3. Folgen der Ausschlagung: Wer ausschlägt, wird so behandelt, als ob er nie Erbe geworden ist. Der nächste gesetzliche oder eingesetzte Erbe rückt automatisch nach.
Dieser Rechtstipp behandelt folgende Themen:
Was bedeutet Erbausschlagung? Wann kann es sinnvoll sein, das Erbe auszuschlagen? Welche Frist gilt für die Erbausschlagung? In welcher Form muss die Erbausschlagung erfolgen? Kann ich nur einen Teil des Erbes ausschlagen? Kann ich als Pflichtteilsberechtigter eine Erbschaft ausschlagen? Darf ein Minderjähriger eine Erbschaft ausschlagen? Beispiel: Kind erbt zweifelhaftes Sanierungsobjekt Wie kann ich eine Erbausschlagung anfechten?

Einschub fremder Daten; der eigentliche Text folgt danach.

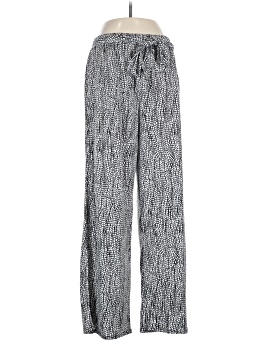 Joie De Vivre Casual Pants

Beispiel: Anfechtung einer Erbausschlagung Praxistipp zur Erbausschlagung Was bedeutet Erbausschlagung?
Bei einer Erbausschlagung erklärt man offiziell gegenüber dem Nachlassgericht, kein Erbe sein zu wollen. Man haftet dann nicht mehr für die Schulden des Verstorbenen. Eine Folge der Erbausschlagung ist aber auch, dass man nichts aus dem Nachlass bekommt – auch keine einzelnen Erinnerungsstücke.
Wann kann es sinnvoll sein, das Erbe auszuschlagen?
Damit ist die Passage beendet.